Caption-style text data
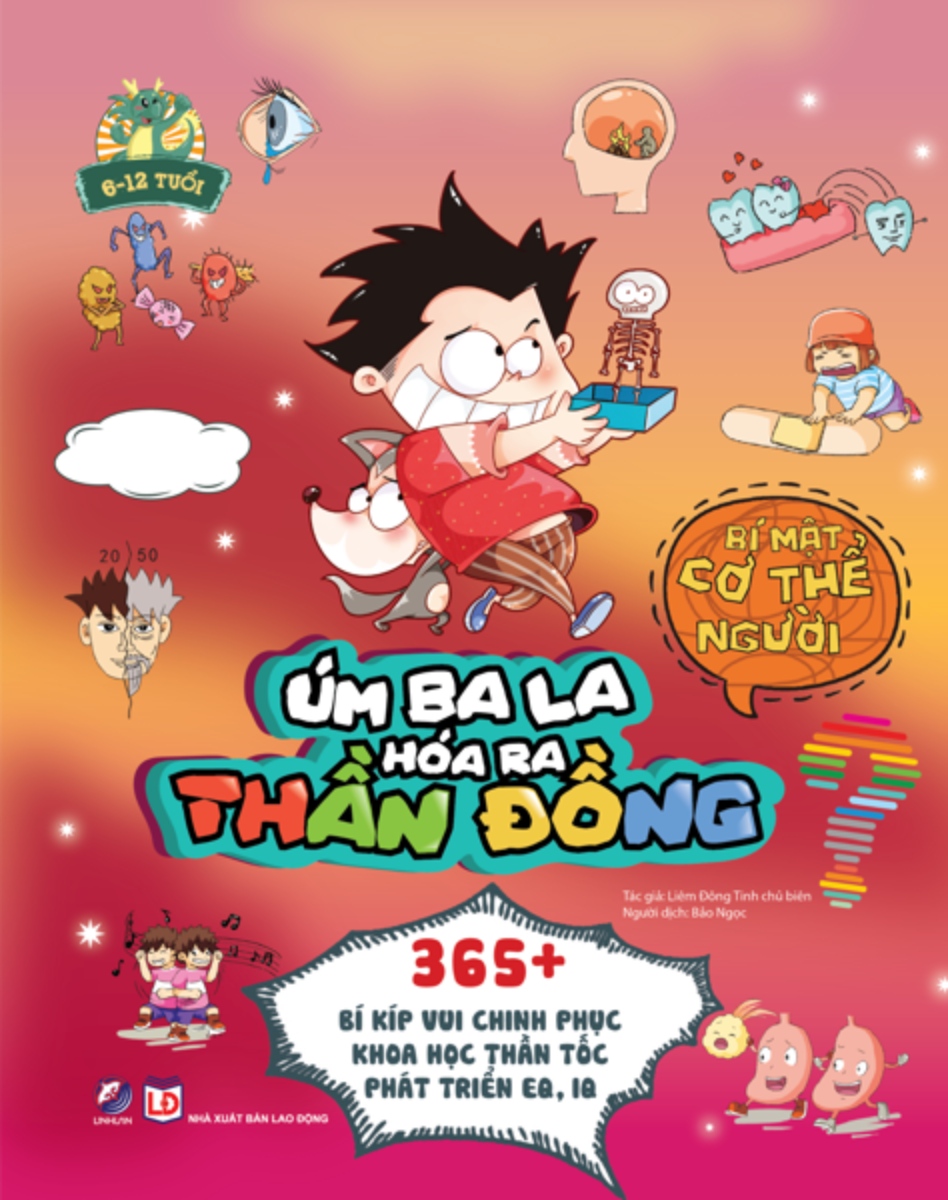 Úm Ba La Hóa Ra Thần Đồng - Bí Mật Cơ Thể Người _LL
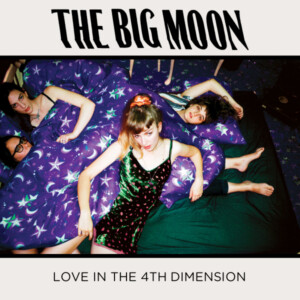 Big Moon, The - Love in The 4th Dimension (RSD 23)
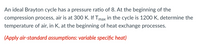 An ideal Brayton cycle has a pressure ratio of 8. At the beginning of the
compression process, air is at 300 K. If Tmax in the cycle is 1200 K, determine the
temperature of air, in K, at the beginning of heat exchange processes.
(Apply air-standard assumptions: variable specific heat)
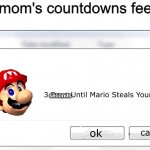 Stomping and slapping means real shit. | How mom's countdowns feel like:; seconds | image tagged in 3 days until mario steals your liver | made w/ Imgflip meme maker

What you are asked to do: Please return only the lines running from the line with "Big Moon, The" to the final line of the data, both included, exactly and without any pictures.

Response to this task:
 Big Moon, The - Love in The 4th Dimension (RSD 23)
 An ideal Brayton cycle has a pressure ratio of 8. At the beginning of the
compression process, air is at 300 K. If Tmax in the cycle is 1200 K, determine the
temperature of air, in K, at the beginning of heat exchange processes.
(Apply air-standard assumptions: variable specific heat)
 Stomping and slapping means real shit. | How mom's countdowns feel like:; seconds | image tagged in 3 days until mario steals your liver | made w/ Imgflip meme maker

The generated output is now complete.